The purpose of this example is to show how to analyze, denoise or compress a multisignal, and then to cluster different representations or simplified versions of the signals composing the multisignal.
In this example, the signals are first analyzed and different representations or simplified versions are produced:
Reconstructed approximations at given levels,
Denoised versions,
Compressed versions.
Denoising and compressing are two of the main applications of wavelets, often used as a preprocessing step before clustering.

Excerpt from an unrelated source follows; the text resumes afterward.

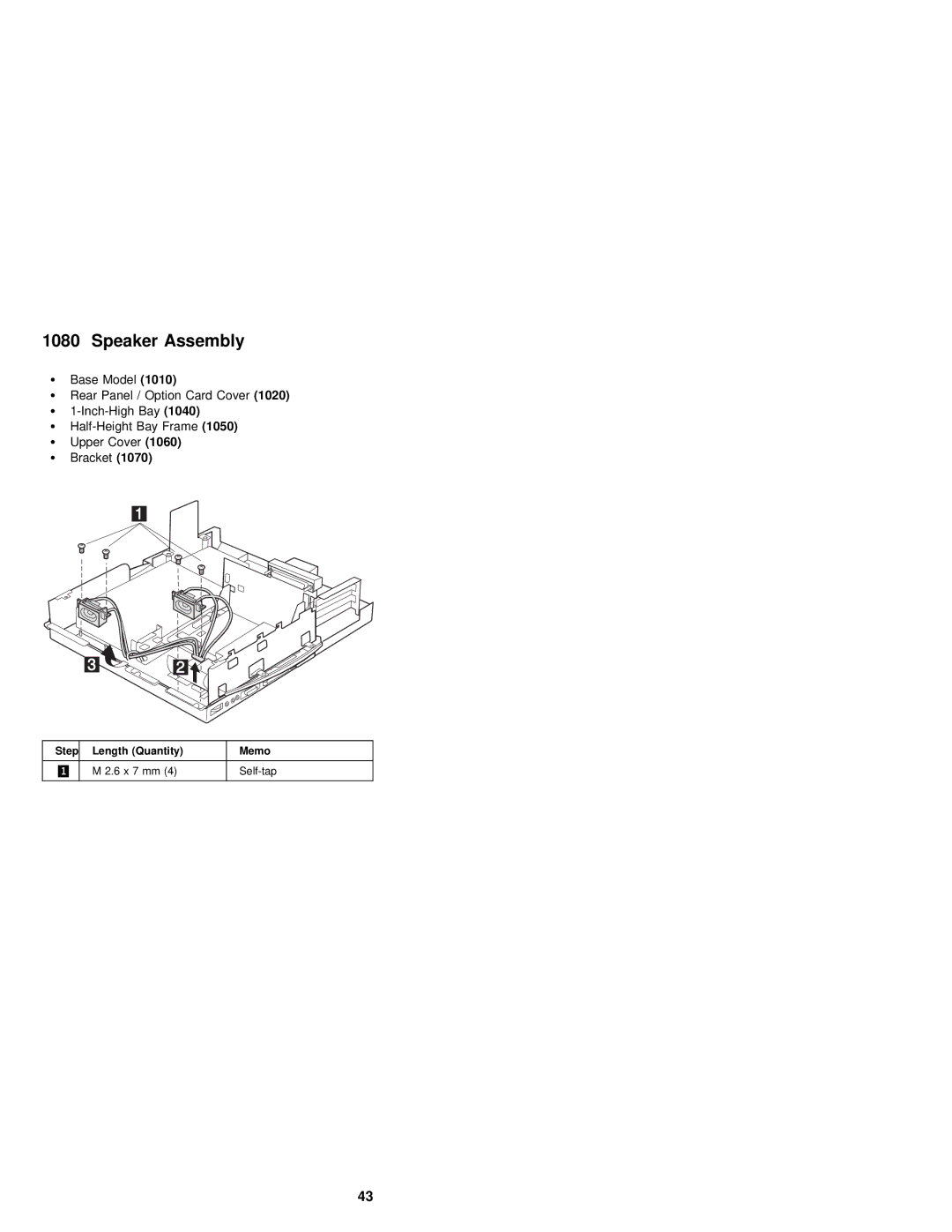 IBM S84H-4552-00 manual Speaker Assembly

The last step of this example performs several clustering strategies and compare them. It allows to summarize a large set of signals using sparse wavelet representations.

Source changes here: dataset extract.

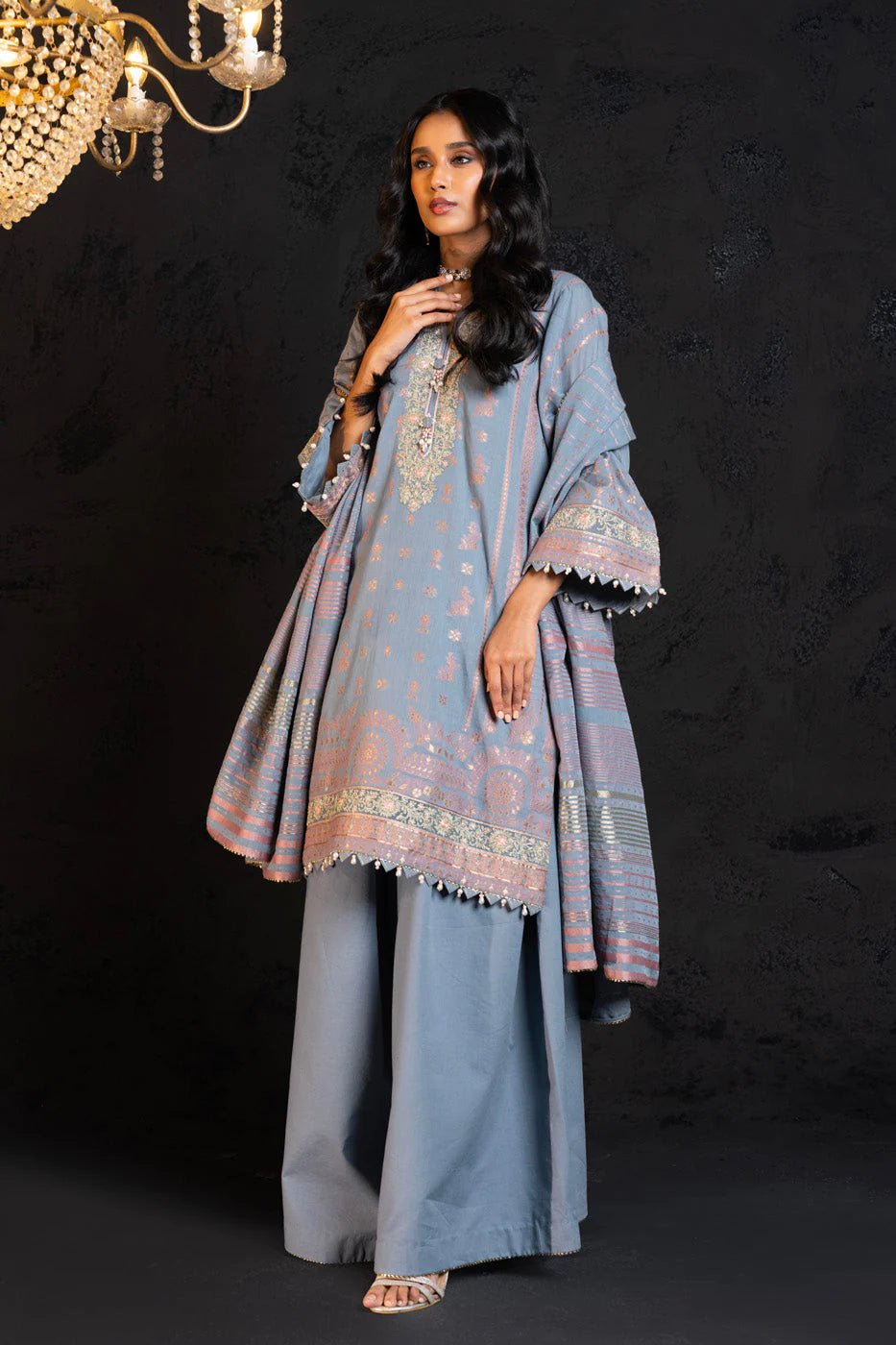 Alkaram | Spring Summer Festive 24 | Embroidered Jacquard Grey - Pakistani Clothes - Hoorain Designer Wear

To illustrate these capabilities, let us consider a real-life multisignal representing 35 days of an electrical load consumption, centered and standardized.
load elec35_nor; % Load normalized original data. X = signals; [nbSIG,nbVAL] = size(X); plot(X','r') axis tight title('Original Data: 35 days of electrical consumption'); xlabel('Minutes from 1 to 1440');
We can see that the signals are locally irregular and noisy but nevertheless three different general shapes can be distinguished.

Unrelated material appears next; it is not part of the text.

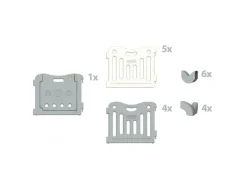 BABY CARE Laufgitter Melange Grey 2.19 m x 1.47 m x 63 cm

In order to highlight the periodicity of the multisignal, let us now examine the data using a 3-D representation.
surf(X) shading interp axis tight title('Original Data: 35 days of electrical consumption') xlabel('Minutes from 1 to 1440','Rotation',4) ylabel('Days from 1 to 35','Rotation',-60) ax = gca; ax.View = [-13.5 48];
The five weeks represented can now be seen more clearly.
Perform a wavelet decomposition at level 7 using the ' sym4 ' wavelet.
dirDec = 'r'; % Direction of decomposition level = 7; % Level of decomposition wname = 'sym4'; % Near symmetric wavelet decROW = mdwtdec(dirDec,X,level,wname);
The generated decomposition structure is as follows:
decROW
decROW = struct with fields: dirDec: 'r' level: 7 wname: 'sym4' dwtFilters: [1x1 struct] dwtEXTM: 'sym' dwtShift: 0 dataSize: [35 1440] ca: [35x18 double] cd: {1x7 cell}
Let us reconstruct the approximations at level 7 for each row signal. Then, to compare the approximations with the original signals, let us display two plots (see figure below). The first one shows all the original signals and the second one shows all the corresponding approximations at level 7.
A7_ROW = mdwtrec(decROW,'a',7); subplot(2,1,1) plot(X(:,:)','r') title('Original Data') axis tight subplot(2,1,2) plot(A7_ROW(:,:)','b') axis tight title('Corresponding approximations at level 7')
As it can be seen, the general shape is captured by the approximations at level 7, but some interesting features are lost. For example, the bumps at the beginning and at the end of the signals disappeared.
To compare more closely the original signals with their corresponding approximations at level 7, let us display two plots (see figure below). The first one concerns the four first signals and the second one the five last signals. Each of these plots represents the original signals superimposed with their corresponding approximation at level 7.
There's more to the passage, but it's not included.